Unsecured Line of Credit

An unsecured business line of credit, on the other hand, can be obtained without collateral. This simply means that if your company happens to default on the financing, the lender will have no pledge securities to use to recoup any losses.

  • Now, this sounds risky on the part of lenders, but still, business line of credit lenders have unsecured credit lines to protect themselves by other means. Some of these include:
  • Providing lower credit limits to new customers
  • Charging higher rates on their business line of credit
  • Shortening the repayment or settlement period
  • Requiring a personal guarantee commitment

Note that an unsecured line of credit might also require a general lean on your assets, which in turn, gives them the right to seize all of your assets in case things don’t work out with your settlement.

How Does a Business Line of Credit Work?

A business line of credit is a lot like a credit card for your business. Thus, it’s best not to think of it as a business loan.

When you open a line of credit for your business, your bank or direct lender will usually start sending you a monthly statement showing you how much funds you’ve taken out so far, the total interest rate that is to be paid, and your borrowing limit.

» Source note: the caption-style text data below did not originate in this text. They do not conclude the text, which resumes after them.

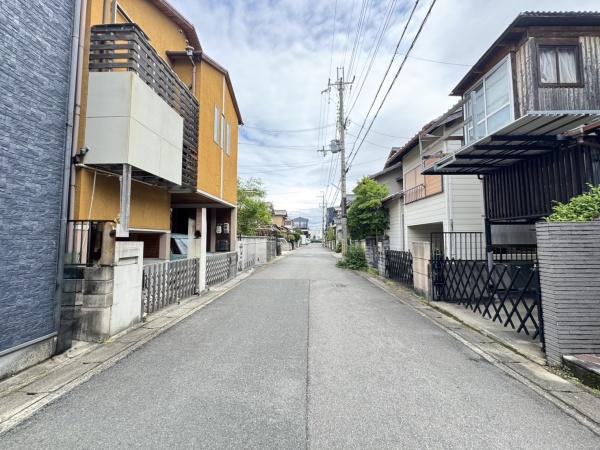 京都市伏見区淀生津町の中古一戸建て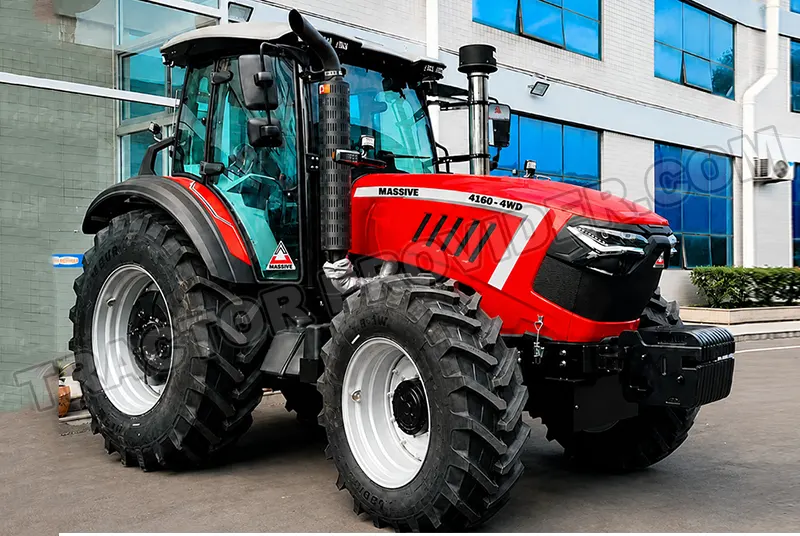 Massive / MFT-4160/4WD Stock No. TP11277911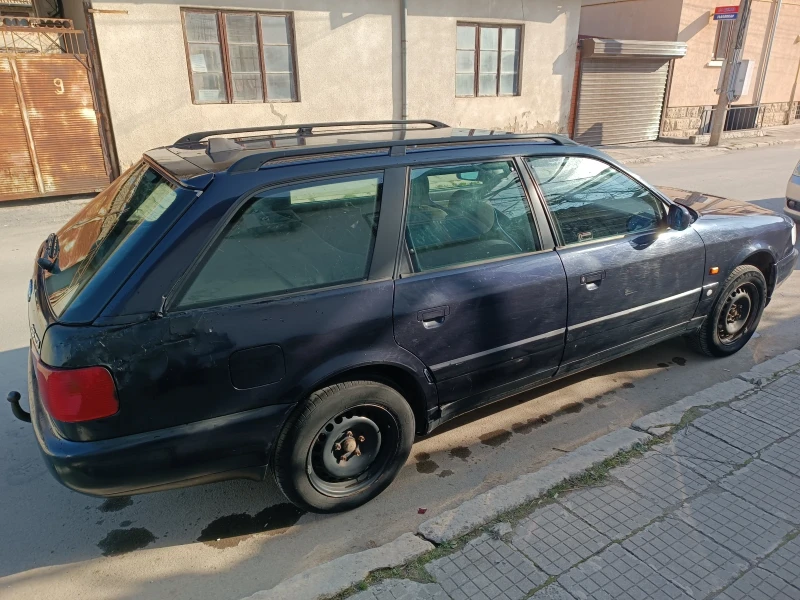 Audi A6 Audi A6 2.5 TDI, снимка 4 - Автомобили и джипове - 51497736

The average accrued amount for a small business line of credit is usually around $100,000, and of course, this is totally dependent on your (the business owner’s individual circumstances, credit rating, the type of business you run, and the steady revenue your business generates, and so on.

Once you draw money from your lender, your business will usually have to start making a weekly or monthly payment to repay the line of credit, including interest payments.

Now, some banks have fees to set up a line of credit. They may also have additional fees such as transactional-based fees, and an annual fee.

Thus, this is something you will need to clarify with the lender of your choice.

Business Loan vs Line of Credit

The difference between a business line of credit and a typical small business loan wills down to flexibility.

A small business loan is best for large sum lump of investments in your company’s new equipment purchase, real estate, inventories, and other single expensive assets that your company will hold for a long period of time.

Small business loans usually have higher interest loans than lines of credit, and usually require that you secure them with some kind of personal guarantee or collateral.

On the other hand, a business line of credit is all about cash flow and investing back into your company.

So you can have access to funds at any time for your business, and only get to pay back that exact amount you took out.

Conclusion

When opting for a business line of credit, it’s always best you pay attention to what kind of credit line your bank or lender is generally offering you.

For instance, if your financial institution is asking you to fill out a UCC-1 financing statement, this simply means they would want to put a lean on your assets.

In such as case, you will need to consult with a lawyer to help you go over the terms of the agreement so you know exactly what you are signing, and what you may potentially have to give up.